TRY IT:
An exact reproduction of the records is required, with all pictures omitted.

[Opening AVAILABLE DATA section]

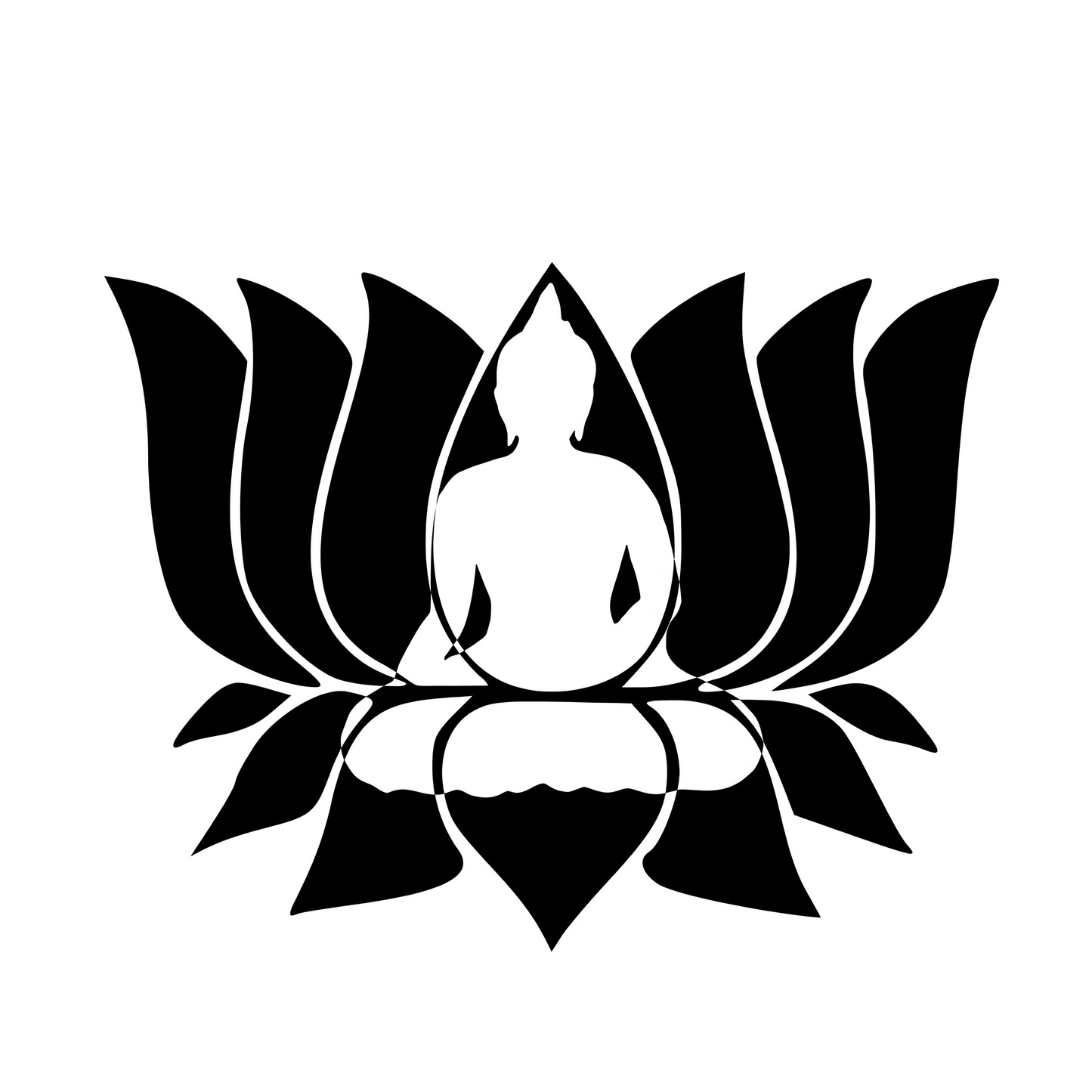 Buddha Lotus Negative Space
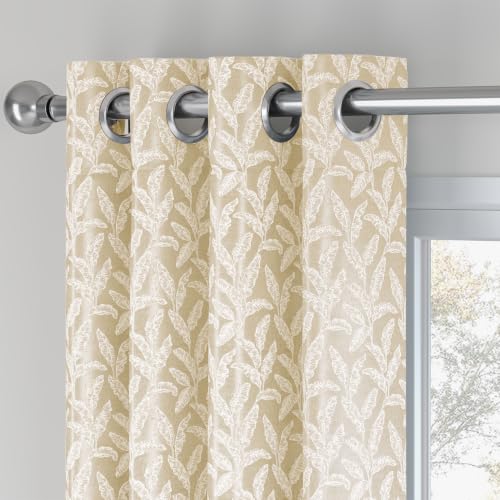 Image of HOKIPO Majestic Eyelet Curtain 7 Feet Long Single Panel, Accent Beige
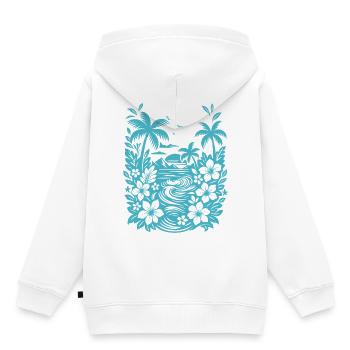 Beach Tropische Lagune Silhouette - Kinder Premium Organic Hoodie - Weiß - Hinten - AI Model Kid Female (0cm)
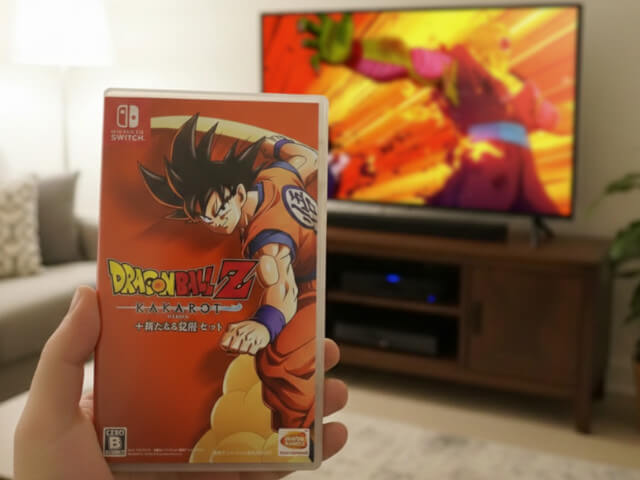 ドラゴンボールZ-カカロット-for-Nintendo-Switchパッケージとプレイ画面の画像です。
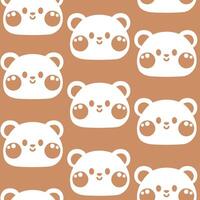 Seamless pattern of cute teddy bear smile face on brown background.Wild animal character cartoon design.Image for card,poster,baby clothing,print screen.Kawaii.Illustration. vector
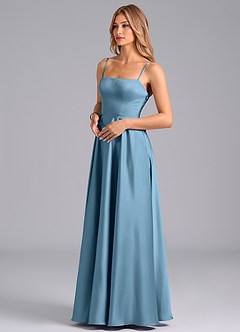Azazie Elita Jurken voor bruidsmeisjes Jurk van Stretch Satijn met A-Lijn Geplooid Staal Blauw image4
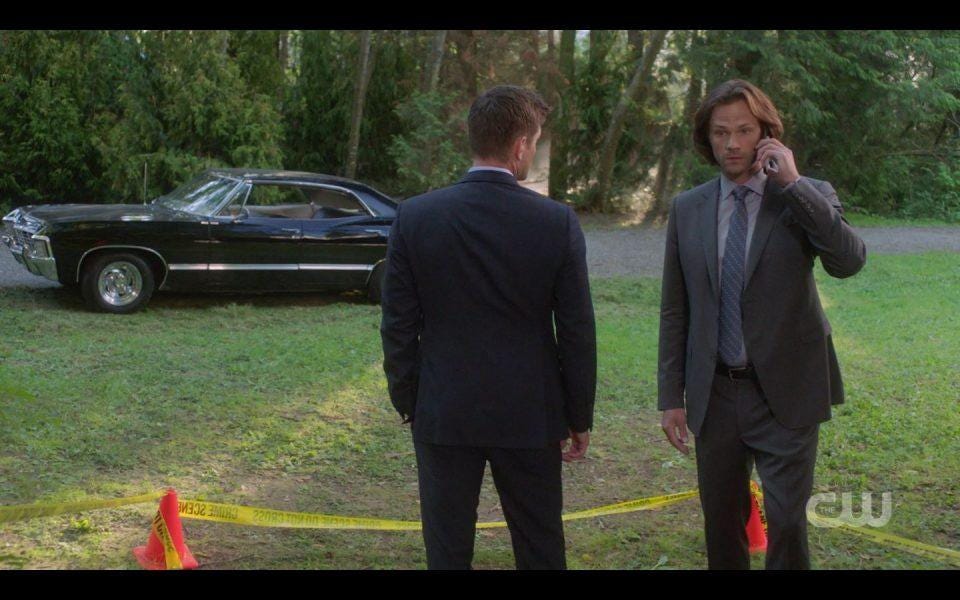 Sam Dean Winchester at crime scene for Atomic Monsters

[Closing AVAILABLE DATA section]

YOUR RESPONSE:
 Buddha Lotus Negative Space
 Image of HOKIPO Majestic Eyelet Curtain 7 Feet Long Single Panel, Accent Beige
 Beach Tropische Lagune Silhouette - Kinder Premium Organic Hoodie - Weiß - Hinten - AI Model Kid Female (0cm)
 ドラゴンボールZ-カカロット-for-Nintendo-Switchパッケージとプレイ画面の画像です。
 Seamless pattern of cute teddy bear smile face on brown background.Wild animal character cartoon design.Image for card,poster,baby clothing,print screen.Kawaii.Illustration. vector
Azazie Elita Jurken voor bruidsmeisjes Jurk van Stretch Satijn met A-Lijn Geplooid Staal Blauw image4
 Sam Dean Winchester at crime scene for Atomic Monsters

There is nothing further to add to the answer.